Mar 5th - 5:18 pm
Cardinal Edward Egan, the former archbishop of New York who oversaw a broad and sometimes unpopular financial overhaul of the archdiocese and played a prominent role in the city after the Sept. 11 terror attacks, died at the age of 82.
A Delta Air Lines flight landing at La Guardia Airport skidded off the runway, crashed over a berm and through a fence during a snowstorm this morning, forcing passengers to evacuate by climbing out onto a broken wing.
Gov. Andrew Cuomo rolled out 42 city mayors from around the state who support his plan to crack down on college sexual assault, but failed to win over the woman who leads the state’s fifth largest city: Syracuse Mayor Stephanie Miner.
Sen. John DeFrancisco is “very confident” there will be changes to Cuomo’s budget to ensure Centro will not have to cut bus services or routes in Central New York.
In a speech to some of NYC’s most powerful business leaders, Mayor Bill de Blasio called on the private sector to voluntarily hike the minimum wage to $13 an hour.
Unlike many of his more wary real estate brethren, Rob Speyer moved quickly to build a strong relationship with de Blasio, but the two aren’t on the same page on affordable housing.
Owners of the struggling FitzPatrick nuclear plant are suing New York utility regulators over a deal announced last year by Cuomo that requires National Grid customers to subsidize a Western New York power plant.
Former Sen. Seymour Lachman praised Cuomo in a NYT letter to the editor for using the budget to push for ethics reform.
NYPD Commissioner Bill Bratton: “Race is something that’s always haunted American policing. It’s our intention to have a lot of the issue resolved here….It’s not going to be easy. It’s going to be damn hard.”
The Bronx Democrats are scheduled to elect Assemblyman Marcus Crespo as their new chairman, replacing Carl Heastie, who gave up the post when he became speaker.
A marketing company known for its Snuggie infomercials settled state and federal claims that it stuck consumers with hidden charges that almost doubled the cost of the product, AG Eric Schneiderman announced.
A deaf Syracuse alum has developed a following on Twitter for posting quotes from Syracuse Coach Jim Boeheim that he lipreads off the TV set during games.
Brooklyn Councilman Vincent Gentile has hired former Assemblyman Carim Karma’s spokesman to manage his campaign for the NY-11 seat vacated by ex-Rep. Michael Grimm.
Former New York gubernatorial candidate Zephyr Teachout has agreed to sit on the advisory board of the embryonic Albany Museum of Political Corruption.
Rep. Chris Gibson will be honored at the Queens Village GOP Lincoln Dinner on March 22.
Rep. Pete King is hopeful Dan Donovan will join him in the “common-sense wing” of the Republican Party if the Staten Island DA is elected to replace Grimm.
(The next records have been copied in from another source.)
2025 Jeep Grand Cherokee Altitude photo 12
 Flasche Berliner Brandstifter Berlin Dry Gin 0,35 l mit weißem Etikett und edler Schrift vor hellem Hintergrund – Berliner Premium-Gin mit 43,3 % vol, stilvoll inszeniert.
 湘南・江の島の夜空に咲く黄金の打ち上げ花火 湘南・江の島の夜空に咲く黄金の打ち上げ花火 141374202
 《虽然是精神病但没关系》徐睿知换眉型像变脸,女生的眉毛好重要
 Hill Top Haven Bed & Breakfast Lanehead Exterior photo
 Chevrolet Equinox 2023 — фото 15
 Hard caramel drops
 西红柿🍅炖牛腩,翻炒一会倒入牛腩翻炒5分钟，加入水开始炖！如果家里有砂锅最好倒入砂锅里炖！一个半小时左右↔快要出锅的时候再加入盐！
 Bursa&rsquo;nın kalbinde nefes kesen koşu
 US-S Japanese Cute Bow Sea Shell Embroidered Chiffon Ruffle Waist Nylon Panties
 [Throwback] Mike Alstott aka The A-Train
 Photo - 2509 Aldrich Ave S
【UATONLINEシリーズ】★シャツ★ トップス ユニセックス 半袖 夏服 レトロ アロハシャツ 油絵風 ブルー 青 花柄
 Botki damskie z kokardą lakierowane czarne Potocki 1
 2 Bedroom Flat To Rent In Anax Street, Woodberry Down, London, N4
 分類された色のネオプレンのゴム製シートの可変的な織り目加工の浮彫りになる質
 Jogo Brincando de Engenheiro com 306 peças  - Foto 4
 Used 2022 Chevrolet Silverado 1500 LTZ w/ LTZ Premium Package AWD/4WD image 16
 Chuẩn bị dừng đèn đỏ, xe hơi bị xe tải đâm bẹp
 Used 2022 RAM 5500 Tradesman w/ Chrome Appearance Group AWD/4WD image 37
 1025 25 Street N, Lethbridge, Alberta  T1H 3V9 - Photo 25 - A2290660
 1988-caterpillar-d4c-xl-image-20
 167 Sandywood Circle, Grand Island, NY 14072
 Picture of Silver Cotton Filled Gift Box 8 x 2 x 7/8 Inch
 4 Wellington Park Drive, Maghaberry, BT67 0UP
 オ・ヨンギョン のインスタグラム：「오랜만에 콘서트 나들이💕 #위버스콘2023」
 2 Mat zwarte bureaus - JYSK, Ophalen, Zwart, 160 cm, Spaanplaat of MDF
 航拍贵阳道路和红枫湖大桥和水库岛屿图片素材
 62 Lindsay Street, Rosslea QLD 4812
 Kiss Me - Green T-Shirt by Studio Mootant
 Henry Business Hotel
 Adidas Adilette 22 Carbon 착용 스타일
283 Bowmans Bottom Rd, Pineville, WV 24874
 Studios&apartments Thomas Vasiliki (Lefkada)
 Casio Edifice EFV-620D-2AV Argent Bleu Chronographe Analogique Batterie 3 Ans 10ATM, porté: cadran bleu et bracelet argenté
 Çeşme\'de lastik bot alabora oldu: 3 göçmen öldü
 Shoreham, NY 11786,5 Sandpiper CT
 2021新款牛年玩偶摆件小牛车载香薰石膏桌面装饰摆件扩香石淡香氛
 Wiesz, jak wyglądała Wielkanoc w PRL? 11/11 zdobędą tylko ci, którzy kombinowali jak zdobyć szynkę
Adding pressure to the state Legislature, the AQE released a report that shows how much they believe the state owes each of the 700 school districts in aid—and links it to each lawmaker’s district.
Cuomo today announced the return of the Craft New York Brewers Festival to the Desmond Hotel and Conference Center in Albany this Saturday.
The former clerk of the town of Rosendale justice court will make full restitution after admitting to stealing nearly $6,000 in cash from bail collections as a result of an audit and investigation by state Comptroller Tom DiNapoli’s office.
Mar 5th - 4:41 pm
A federal judge has rejected frormer Rep. Michael Grimm’s request to modify the terms of his bail so he could travel to Europe this spring for a job opportunity while awaiting sentencing on his tax fraud conviction.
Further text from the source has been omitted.